Friday, April 3, 2009

New direction for Ottawa city planning

About a year ago, Randall Denley posed a question to Ottawa's city planners: Are we a city, or a collection of suburbs? If the city's to-do list on stimulus projects is any indication, the current council has made up their mind: City.

From the Ottawa Citizen:

The City of Ottawa has created a “menu” of $640-million worth of projects from which the federal and provincial governments can pick when they want to spend infrastructure money to stimulate the economy.

The project lists, released Monday at city council’s economic affairs committee, assign top priority to public transit and give the lowest priority to new suburban roads.
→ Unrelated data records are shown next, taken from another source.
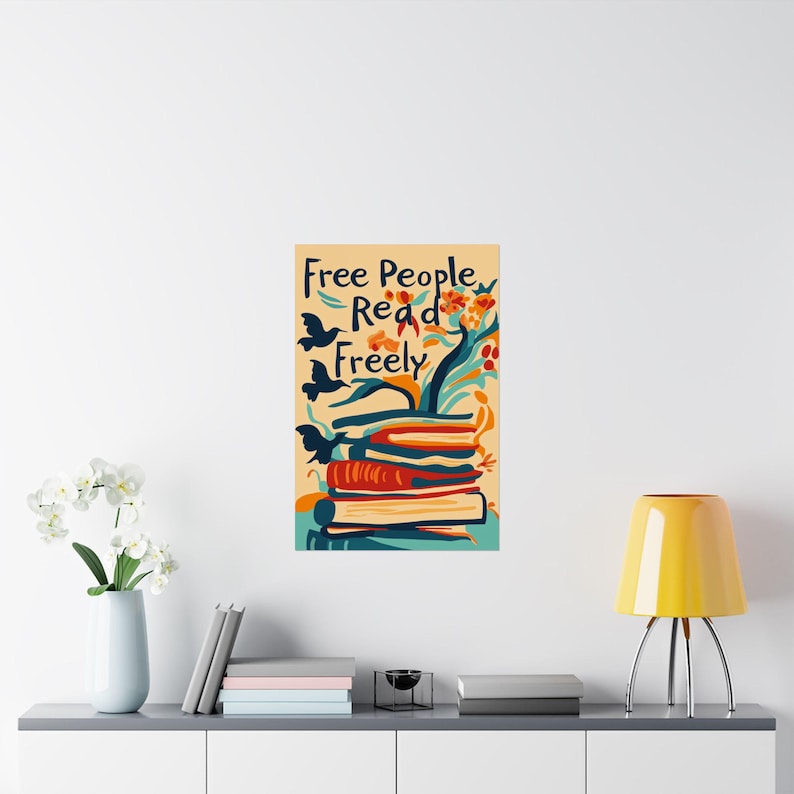 Free People Read Freely Poster: Banned Books Art, Literary Home Decor image 6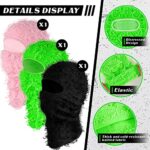 Newcotte 3 Pcs Distressed Balaclava Full Face Ski Mask Cool Knitted Balaclava Windproof Ski Mask for Men Women Cold Weather (Black, Green, Pink)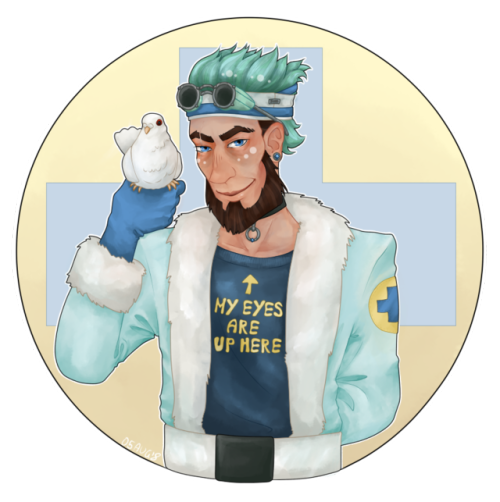 Colour bust commission for @erzvolnes of his TF2 medic oc, Alex~Commission info: [x]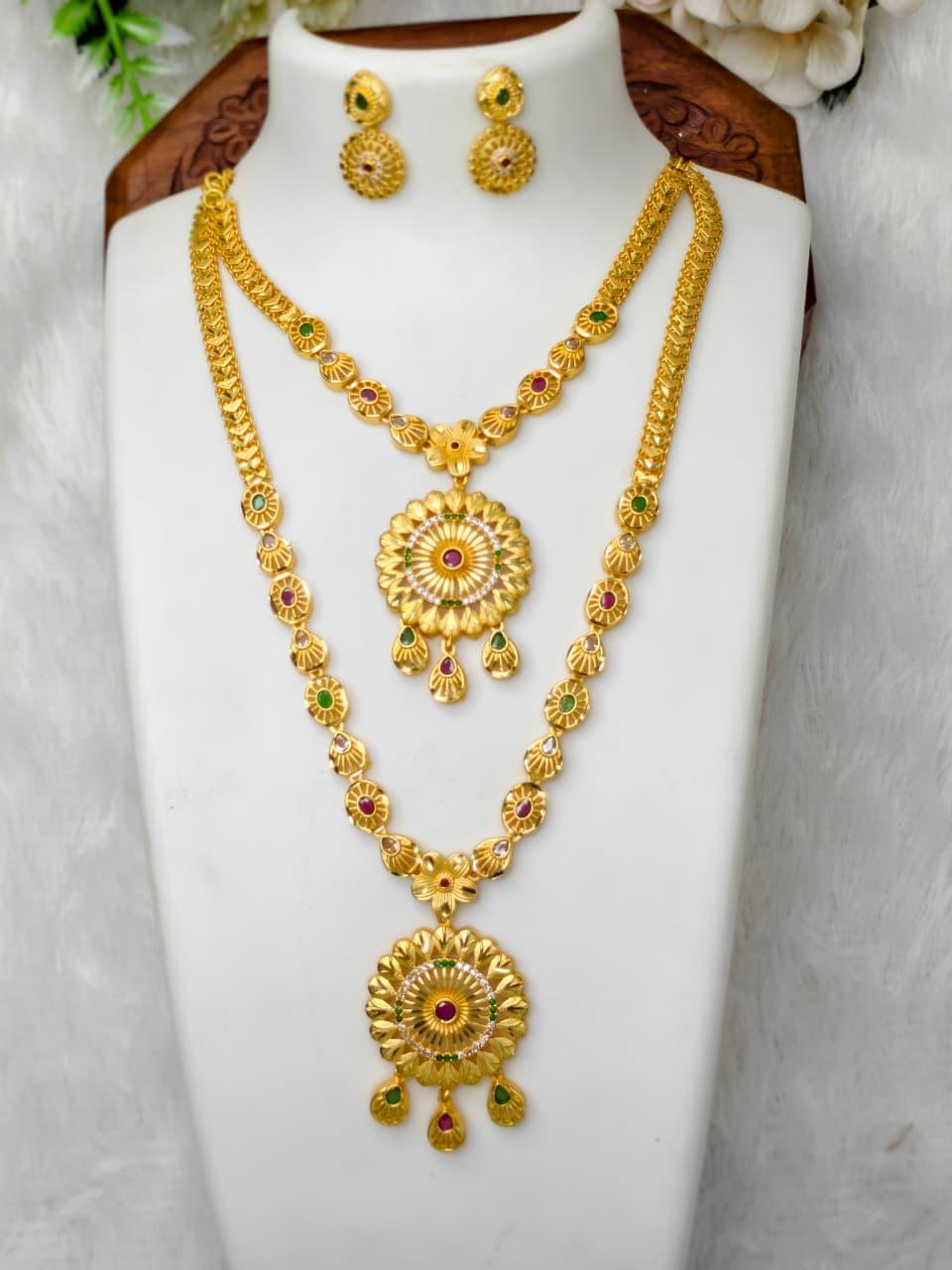 1 Gram Gold Plated Matte Finish Haram Necklace Combo for Women – Traditional Bridal Jewellery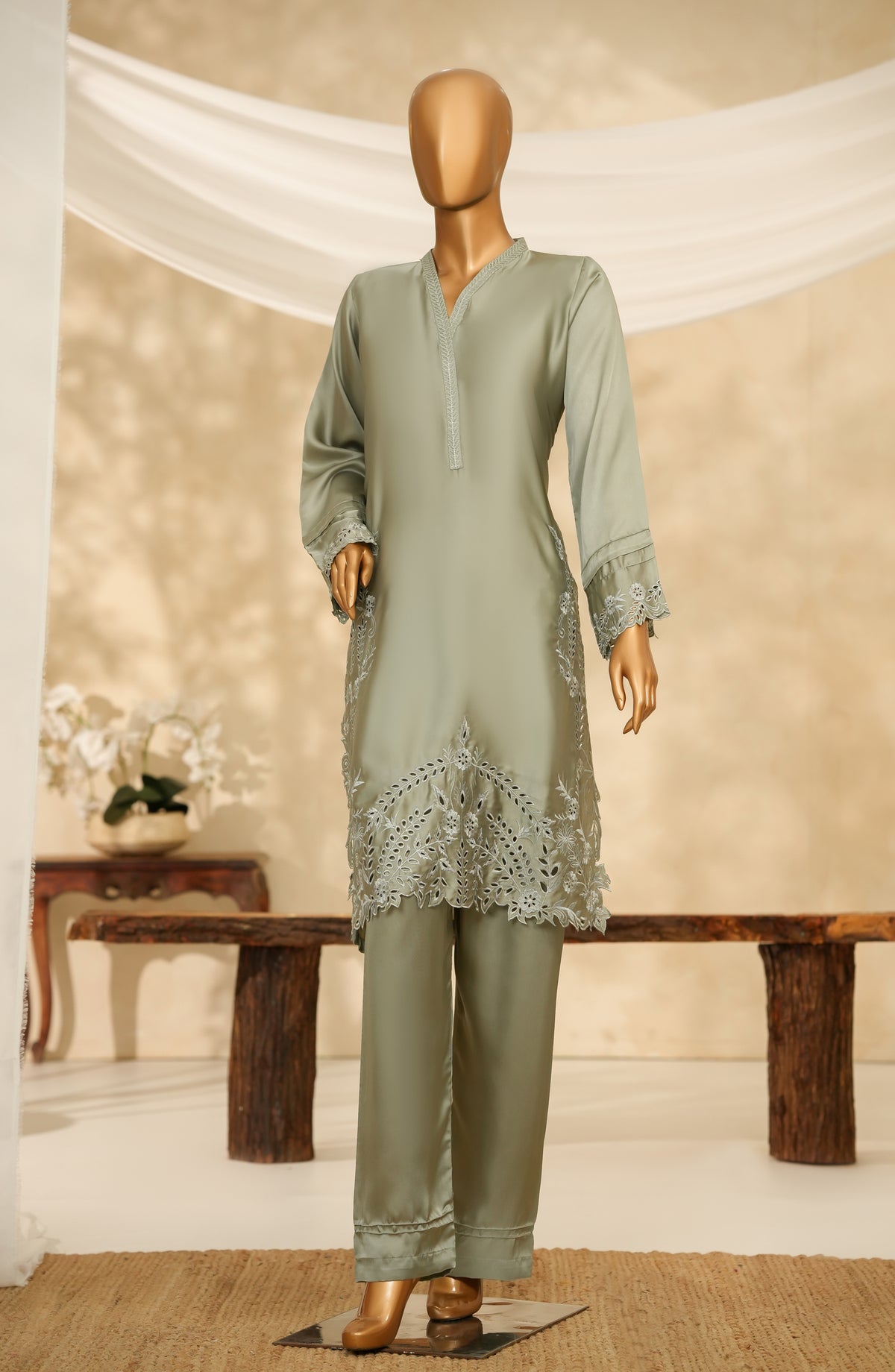 Marlene by Amna Khadija Embroidered Shamooz Silk Stitched 2 Piece Suit - MSS-20 - AM25MLSH - Green - Winter Collection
The lists include projects that can be built in the next two years to give the federal and provincial governments the job boost they hope to deliver with this year’s budgets. The federal government has four funds for which the city can apply for money.
The problem that seems to arise out of that is that it leaves existing infrastructural deficiencies in the suburbs unaddressed, but that's not that case, again according to the Citizen:

The transit projects include Transitway expansion from Fallowfield Drive to Barrhaven Town Centre, construction of a tunnel at Baseline transit station and the pedestrian overpass connecting Baseline Station to Algonquin College.

[...]

If the federal and provincial governments want to fund growth, new road projects include Hazeldean, Earl Armstrong, Limebank, Mer Bleue, Trim, Innes, Terry Fox and Hunt Club are offered up as road expansions that are ready to go.

1 comment:

Anonymous said...

Councillors have no vision. All we have is a bunch of conniving, backstabbing politicians jockeying for position in the next mayoral race! They say public transit is a top priority yet they allowed us to go without it for two months in the middle of winter while they sniped at each other! And offered discounted extra parking as thought it was a viable solution to the transit strike.

Transit has been a "priority" for a while now but we haven't seen any significant improvements or results in the past few years. I can't wait until the next election!